We use your information to ensure our Site and Services are working as intended, to better understand how users access and use our Site and Services, both on an aggregated and individualized basis, to make improvements to our services, to develop new Services, and for other research and analytical purposes.

• Offer Promotions

We use your information for marketing and promotional purposes. For example, we may use your information, such as your email address, to send you news and newsletters, special offers, and promotions, or to otherwise contact you about products or information we think may interest you. We also may use the information that we learn about you to assist us in advertising our Services on third-party websites.
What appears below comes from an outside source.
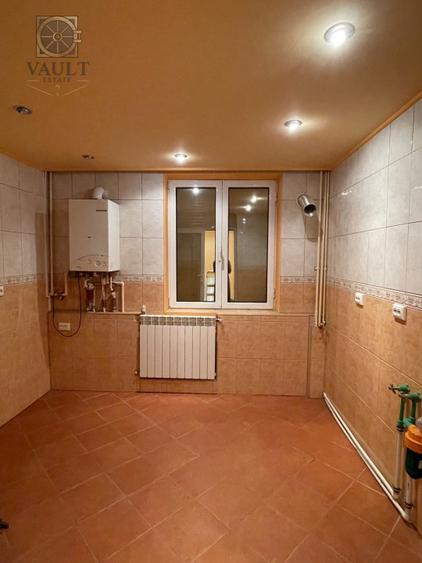 Apartament 3 camere - zona 1 Decembrie 1918
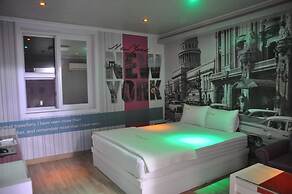 W Motel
• Comply With Legal Obligations, Prevent Fraud, and Protect Rights or Property

We use your information as necessary to comply with our legal obligations, respond to law enforcement inquiries, comply with legal process (e.g., warrant, subpoena, civil discovery or investigative demand), to enforce or defend legal claims, prevent fraud and protect the security of our systems, prevent injury or damage, and protect our rights or property or the rights or property of others.

How We Share Your Information

We may share your information, including personal information, as follows:

Consent. Where you have provided consent, we share your information, including personal information, as described at the time of consent, such as when you authorize a third-party application or website to access your TunedCare account or when you participate in promotional activities conducted by TunedCare partners or third parties. For example, we request your consent to send you email communications about products and Services available through our Site. You can withdraw your consent at any item by contacting us at support@tunedcare.com.

Vendors. Our Site and Services allow users to make purchases of various hearing-related products. We share certain shipping and billing information with the vendors of such products so that they can fulfill your order.

Audiologists. Our Site and Services may allow you to connect and communicate directly with audiologists. Information that is provided to audiologists is subject to our HIPAA Notice set forth below.

Affiliates. We may disclose the information we collect from you to our affiliates or subsidiaries solely for the purpose of providing Services to you; however, if we do so, their use and disclosure of your personally identifiable information will be maintained by such affiliates and subsidiaries in accordance with this Policy.

Service Providers. We may disclose the information we collect from you to third-party vendors, service providers, contractors or agents who perform functions on our behalf.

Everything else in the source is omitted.